Print only the lines below from the one with "3. Thịt bò nướng" to the one with "Parents et enfants", both included, exactly as they stand. Leave pictures out.

§ DATA FOR PROCESSING:
___

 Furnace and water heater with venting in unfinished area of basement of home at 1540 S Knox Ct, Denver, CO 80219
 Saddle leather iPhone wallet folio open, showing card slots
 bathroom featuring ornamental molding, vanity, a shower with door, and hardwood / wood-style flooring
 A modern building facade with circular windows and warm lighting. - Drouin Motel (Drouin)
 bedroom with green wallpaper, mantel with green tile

___

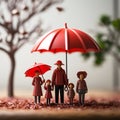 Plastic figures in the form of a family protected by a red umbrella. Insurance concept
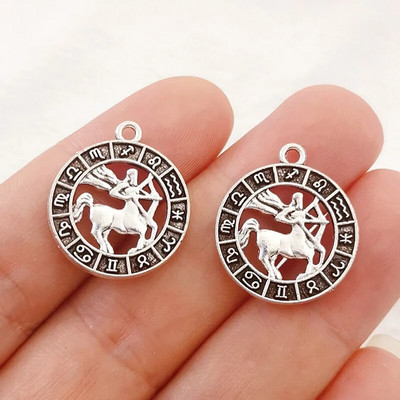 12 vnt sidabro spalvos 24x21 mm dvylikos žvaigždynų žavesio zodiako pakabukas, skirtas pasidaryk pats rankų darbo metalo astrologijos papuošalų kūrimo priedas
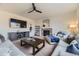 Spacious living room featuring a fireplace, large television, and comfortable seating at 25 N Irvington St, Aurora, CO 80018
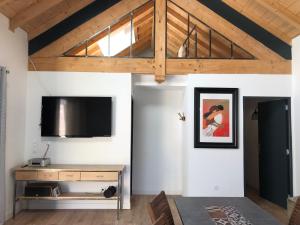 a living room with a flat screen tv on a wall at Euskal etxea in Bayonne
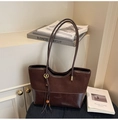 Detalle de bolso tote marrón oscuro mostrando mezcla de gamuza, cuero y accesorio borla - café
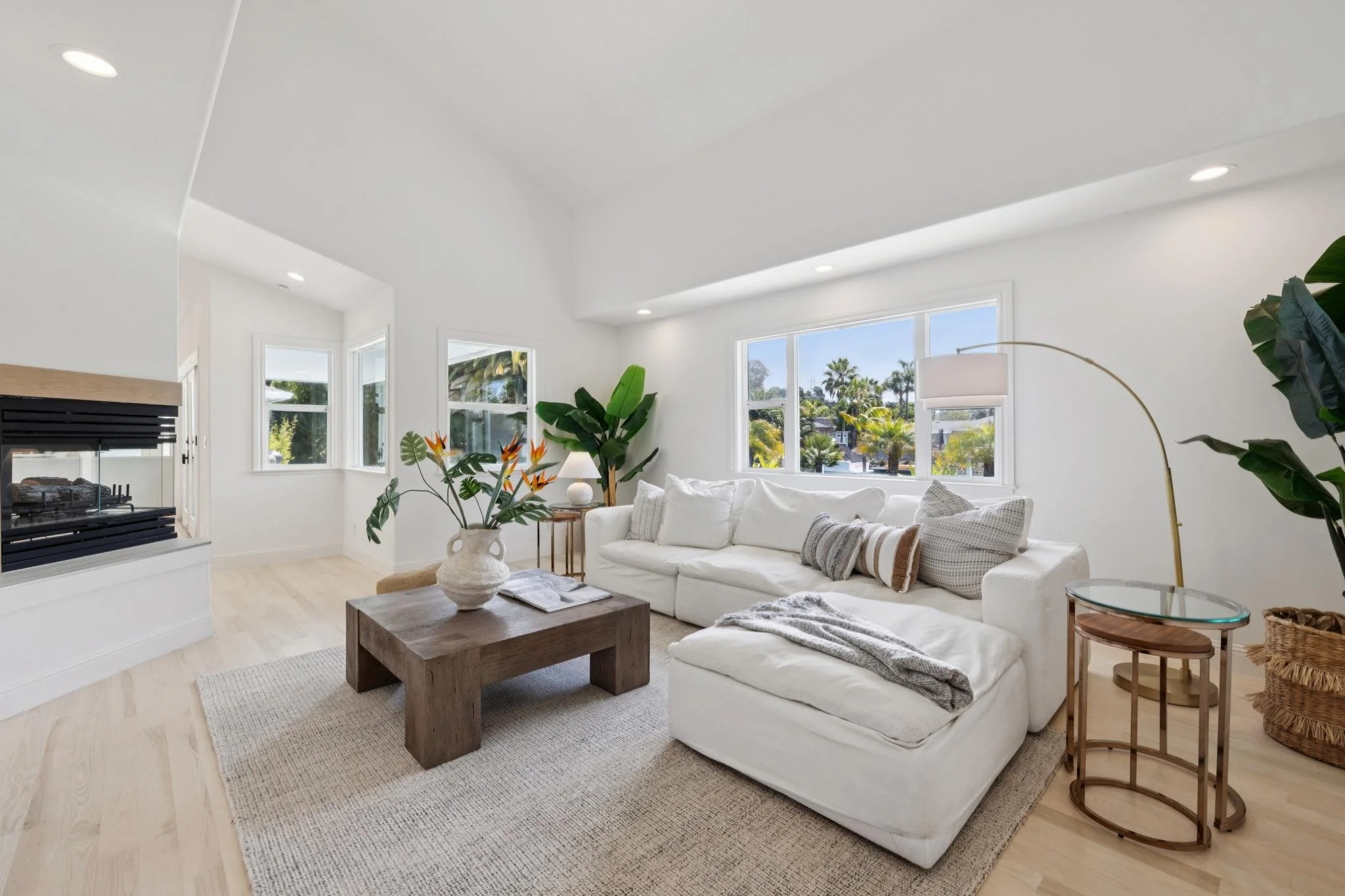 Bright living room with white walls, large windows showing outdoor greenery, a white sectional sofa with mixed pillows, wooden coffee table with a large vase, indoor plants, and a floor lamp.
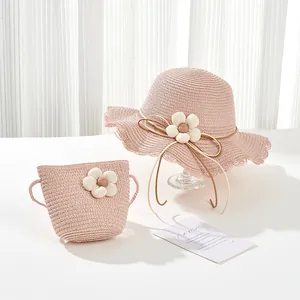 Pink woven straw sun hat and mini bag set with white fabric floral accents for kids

___

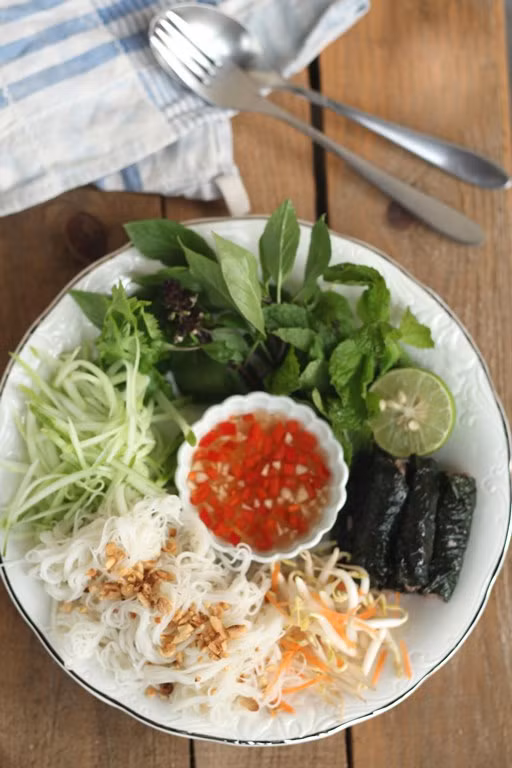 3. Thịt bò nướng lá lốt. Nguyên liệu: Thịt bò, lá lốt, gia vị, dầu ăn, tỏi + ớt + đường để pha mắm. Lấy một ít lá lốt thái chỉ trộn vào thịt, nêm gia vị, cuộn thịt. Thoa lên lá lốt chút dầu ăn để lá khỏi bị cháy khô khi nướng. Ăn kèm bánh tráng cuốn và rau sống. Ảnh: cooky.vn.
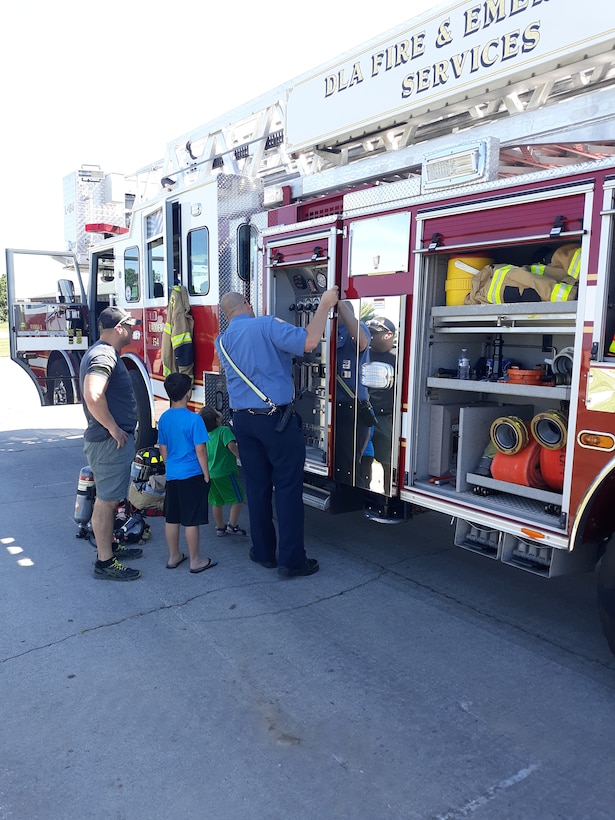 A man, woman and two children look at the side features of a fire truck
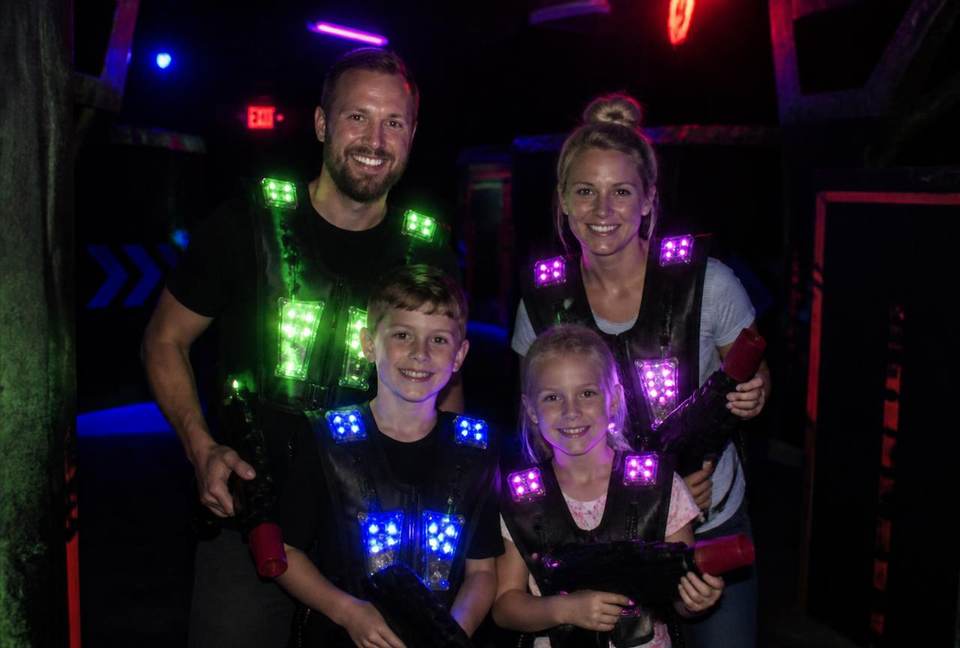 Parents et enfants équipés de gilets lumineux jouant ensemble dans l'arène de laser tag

___

§ RESULT OF THE TASK:
 3. Thịt bò nướng lá lốt. Nguyên liệu: Thịt bò, lá lốt, gia vị, dầu ăn, tỏi + ớt + đường để pha mắm. Lấy một ít lá lốt thái chỉ trộn vào thịt, nêm gia vị, cuộn thịt. Thoa lên lá lốt chút dầu ăn để lá khỏi bị cháy khô khi nướng. Ăn kèm bánh tráng cuốn và rau sống. Ảnh: cooky.vn.
 A man, woman and two children look at the side features of a fire truck
 Parents et enfants équipés de gilets lumineux jouant ensemble dans l'arène de laser tag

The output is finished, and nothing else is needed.